“La audacia”, “la osadía”, “el atrevimiento”, o como dirían en inglés, the nerve. Son palabras que se nos vienen a la mente cada vez que, en nuestro día a día, nos encontramos con micromachismos, mansplaining, o llanamente con comentarios misóginos que algunos hombres lanzan gratuitamente con total libertad, sin miedo a consecuencia alguna.
Recientemente, en este mismo medio, hemos visto ejemplos claros de cómo hombres van por la vida con este sentimiento de que pueden usar su derecho a la libertad de expresión para esparcir desinformación y falacias con una confianza que solo se explica desde el privilegio. ¿Por qué se sienten con el derecho de hablar con tanta seguridad, incluso cuando están equivocados?

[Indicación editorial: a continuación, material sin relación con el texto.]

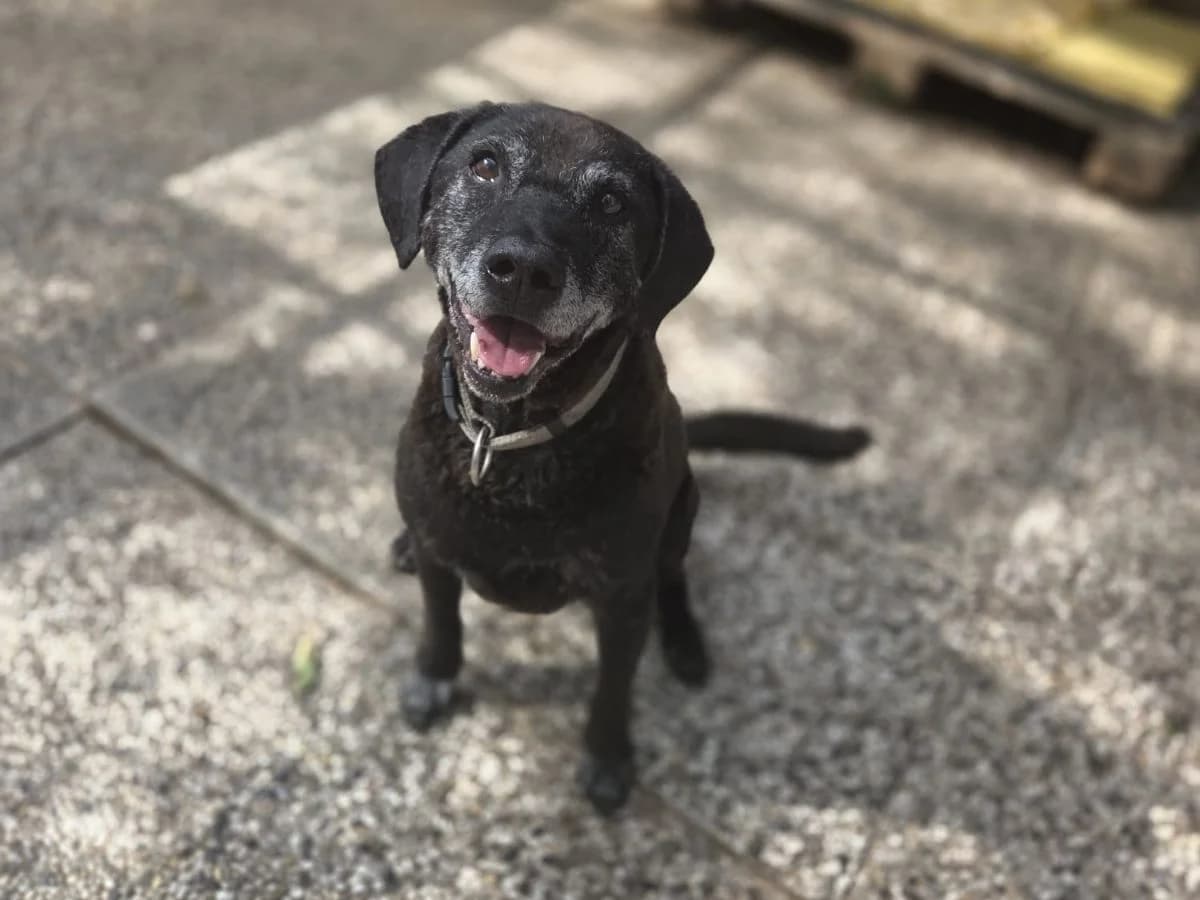 Rocky, male senior Mixed Breed for adoption at Tierheim Arche Noah, Graz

La confianza sin conocimiento: un fenómeno bien documentado
No es solo una impresión. Estudios han demostrado que los hombres tienden a sobreestimar sus conocimientos y capacidades, mientras que las mujeres, incluso cuando tienen un mayor nivel de preparación, tienden a subestimarse. Un estudio publicado en la revista Science mostró que, en entornos académicos, los hombres participan más en discusiones, incluso cuando no están seguros de sus respuestas, mientras que las mujeres tienden a hablar menos, a menos que estén completamente seguras de su conocimiento.

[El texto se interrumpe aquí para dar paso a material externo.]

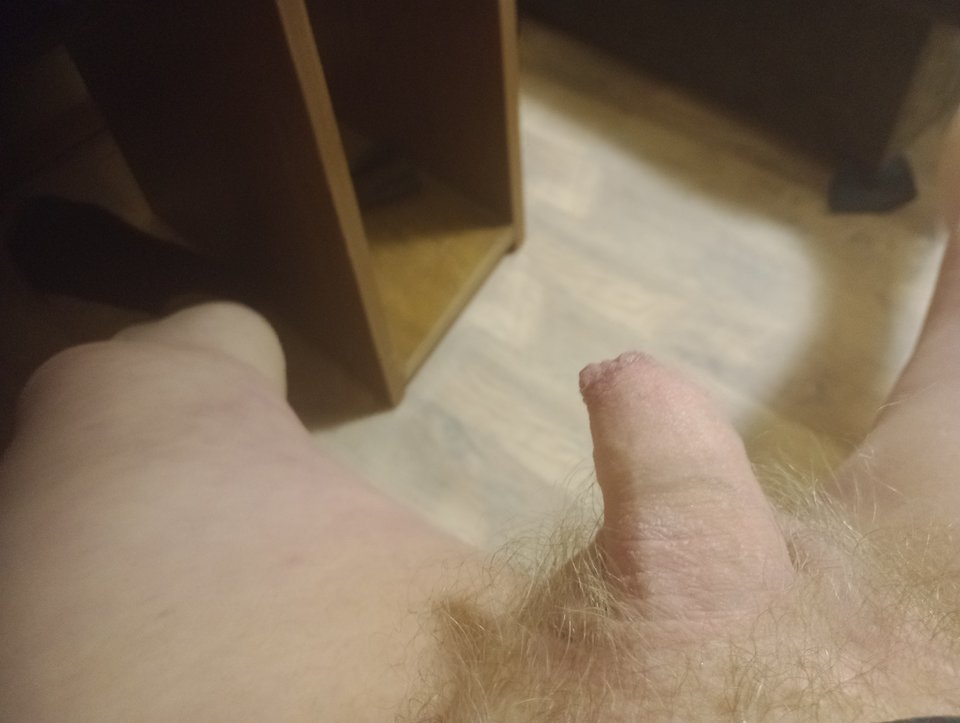 IMG_20260212_204939921_MFNR.jpg - ROBWEN86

Además, un informe de la Universidad de Princeton reveló que los hombres interrumpen a las mujeres en las conversaciones con más frecuencia que a otros hombres (manterrupting). En espacios profesionales y académicos, esto refuerza la idea en el colectivo de que la voz masculina tiene más peso, incluso cuando lo que se dice carece de sustento.
El doble estándar de la credibilidad
Como mujeres, cada vez que se nos da espacio para opinar, ya sea en debates, conversatorios o incluso en simples conversaciones con nuestros pares, nos aseguramos de estar preparadas, de tener argumentos sólidos, de no hablar sin conocimiento. Se nos exige. Un error y de inmediato somos desacreditadas. En cambio, a los hombres se les da el espacio para decir lo que sea, aunque estén equivocados, aunque perpetúen discursos de odio, aunque minimicen problemas reales.
Este doble estándar también se refleja en el ámbito laboral. Un estudio de Harvard Business Review encontró que, en reuniones de trabajo, cuando una mujer sugiere una idea, es más probable que sea ignorada o atribuida a un hombre. El mismo informe destaca que las mujeres deben demostrar su competencia constantemente, mientras que a los hombres se les presume capaces por defecto.
En muchas facultades, aún se observa cómo las voces femeninas son minimizadas o desacreditadas con mayor facilidad. En reuniones académicas, en salas de clases y en discusiones públicas, se espera que las mujeres prueben su capacidad antes de ser tomadas en serio. Mientras tanto, los hombres pueden opinar sin la misma exigencia de respaldo, lo que refuerza la percepción de que su voz es incuestionable.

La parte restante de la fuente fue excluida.